Sentada en el suelo, junto a la silla de respaldo alto del reverendo Everett, Kathleen O'Dell esperaba a que el salón de actos se llenara. Stephen estaba sentado al otro lado, con Emily. Ni el uno ni el otro le habían dirigido la palabra desde que habían ido a buscarla. No le habían dado ninguna explicación durante el viaje al complejo; sólo respuestas breves y cortantes que en realidad no decían nada. Kathleen se preguntaba si estaban enfadados o sólo era que tenían prisa. No había sido capaz de adivinar lo que estaban pensando. Ahora, mientras permanecían sentados, miró de soslayo al reverendo Everett. Él tampoco parecía enfadado, aunque poco antes creía haber distinguido algo extraño en su voz y sus ademanes. Kathleen se preguntaba si era pánico.

No, claro que no. Se estaba poniendo paranoica. No había razón para sentir pánico. Y, sin embargo, esa mañana, cuando el reverendo la había llamado por teléfono, parecía tan nervioso que la había dejado con el alma en vilo. Se había pasado toda la mañana, mientras esperaba a Frank -el de Antigüedades Al y Frank- y luego a Stephen y Emily, lamentando haberse acabado la botella que guardaba al fondo del armario.

El reverendo Everett no le había explicado por qué tenían que irse tan de repente. A llegar al complejo, habían encontrado a los demás yendo de acá para allá, preparándose para otra retahíla de concentraciones, la primera en Cleveland, la noche siguiente. Eso era todo: preparativos. Pero ¿por qué había convocado el reverendo Everett aquella reunión urgente? ¿Y por qué tenía Emily cara de pánico?

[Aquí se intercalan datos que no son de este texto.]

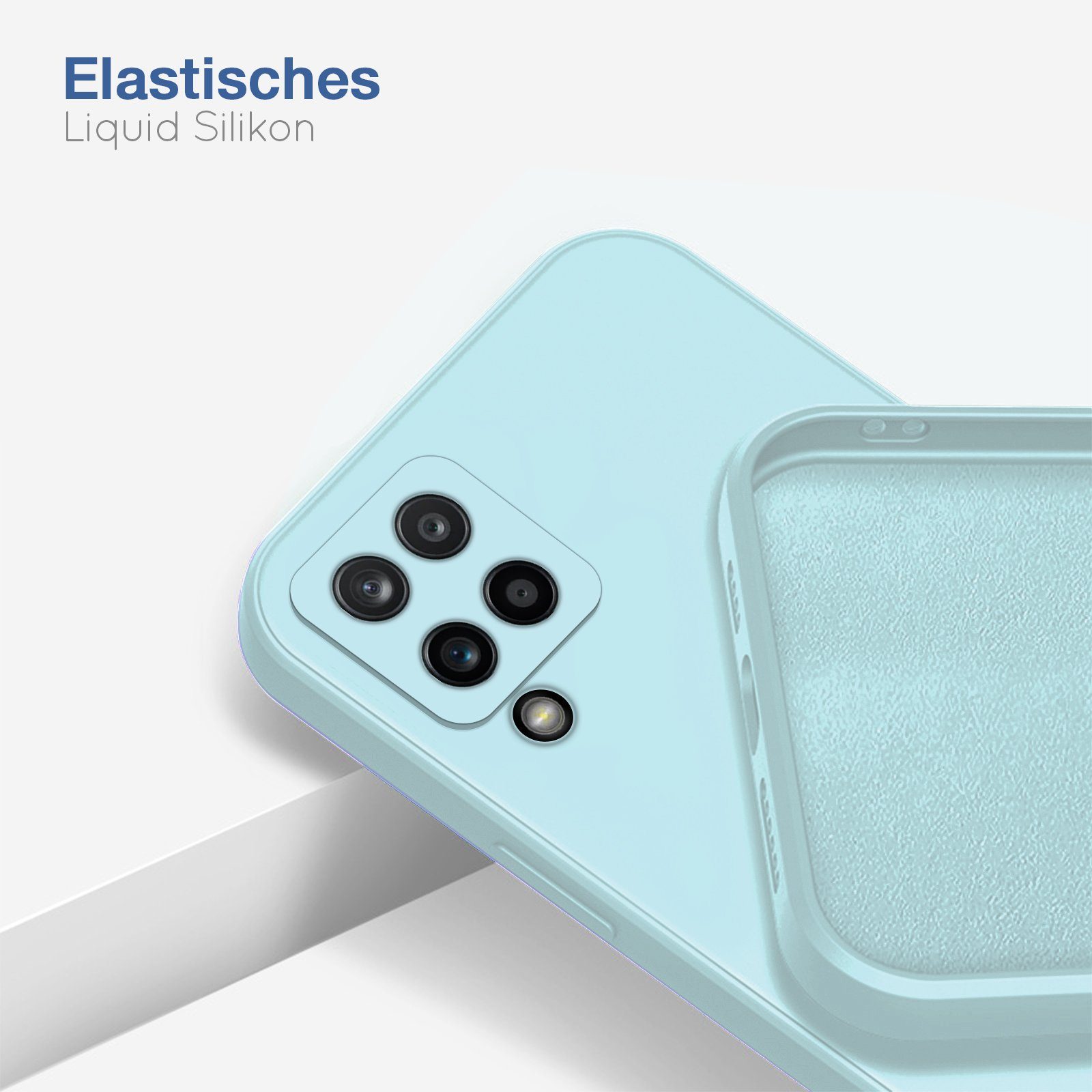 Tec-Expert Handyhülle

Ella no tenía por qué estar allí. No estaba previsto que fuera a la concentración de Cleveland. El reverendo Everett le había recomendado que pasara Acción de Gracias con Maggie. Claro, que ella no había tenido tiempo de hablarle de lo de Maggie. Ahora era mejor callarse la boca. Porque de pronto todo parecía haber cambiado. Había ocurrido algo terrible. Lo bastante terrible como para dejar a Emily sin habla. Lo bastante terrible como para que Stephen no la mirara a los ojos.

Se sentía en medio de una densa niebla que le impedía ver con claridad. Todavía no podía creer que todas sus cosas hubieran desaparecido: su apartamento, sus alegres cortinas amarillas y las figuritas de su abuela. Quizá por eso llevaba todo el día doliéndole la cabeza. Eran demasiadas cosas para un solo día. Seguro que el reverendo lo entendía. Quizá, cuando llegaran a Cleveland, el reverendo hubiera cambiado de idea. Sí, estaba segura de que podría calmarse y se daría cuenta de que todo iría bien.